Exercise instructions
Lines from the one with "BMW 530 2021" up to and including the one with "Top (Size:8'x8') Queen" are to be copied exactly from the records below, without their pictures.

▼▼▼

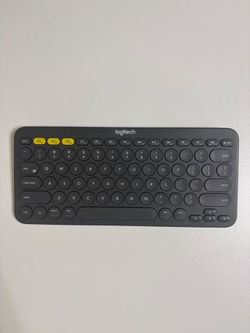 Logitech Bluetooth Keyboard with (FREE) PU Leather Keyboard Sleeve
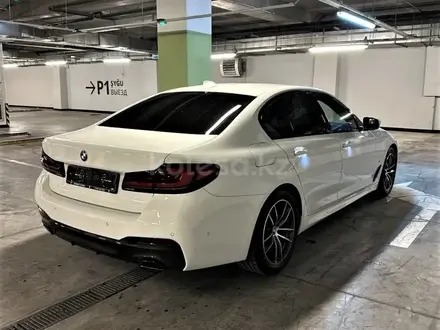 BMW 530 2021 года за 26 500 000 тг. в Алматы – фото 6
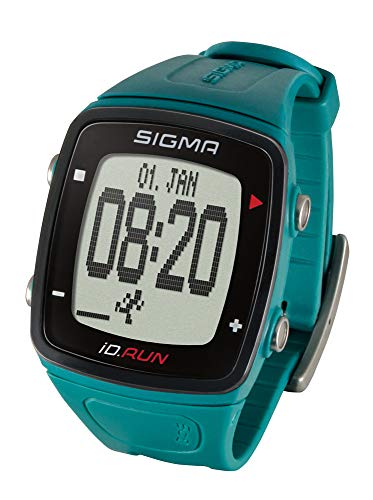 Sigma Sport iD.Run GPS Laufuhr, Pine Green, One Size
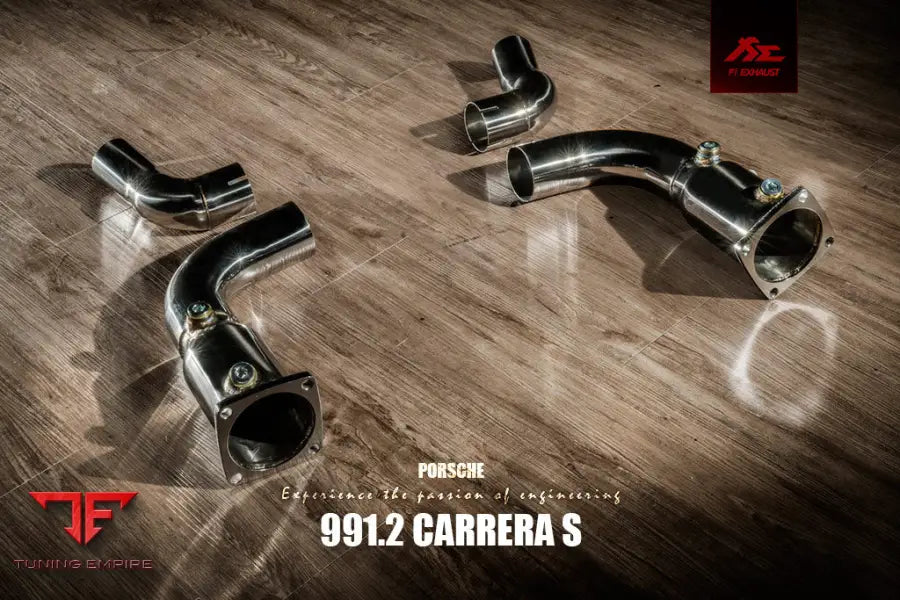 FI EXHAUST PORSCHE 991.2 CARRERA / 4 / S / 4S EXHAUST SYSTEM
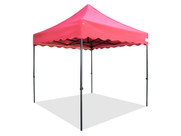 Queen Palm Canopy Frame and Flame Retardant Top (Size:8'x8') Queen Palm Canopy Frame and Flame Retardant Top (Size:8'x8')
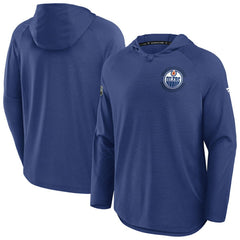 Edmonton Oilers Fanatics Authentic Pro Rink Hoodie - Royal | Fanatics Clearance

▲▲▲

Reply
 BMW 530 2021 года за 26 500 000 тг. в Алматы – фото 6
 Sigma Sport iD.Run GPS Laufuhr, Pine Green, One Size
 FI EXHAUST PORSCHE 991.2 CARRERA / 4 / S / 4S EXHAUST SYSTEM
 Queen Palm Canopy Frame and Flame Retardant Top (Size:8'x8') Queen Palm Canopy Frame and Flame Retardant Top (Size:8'x8')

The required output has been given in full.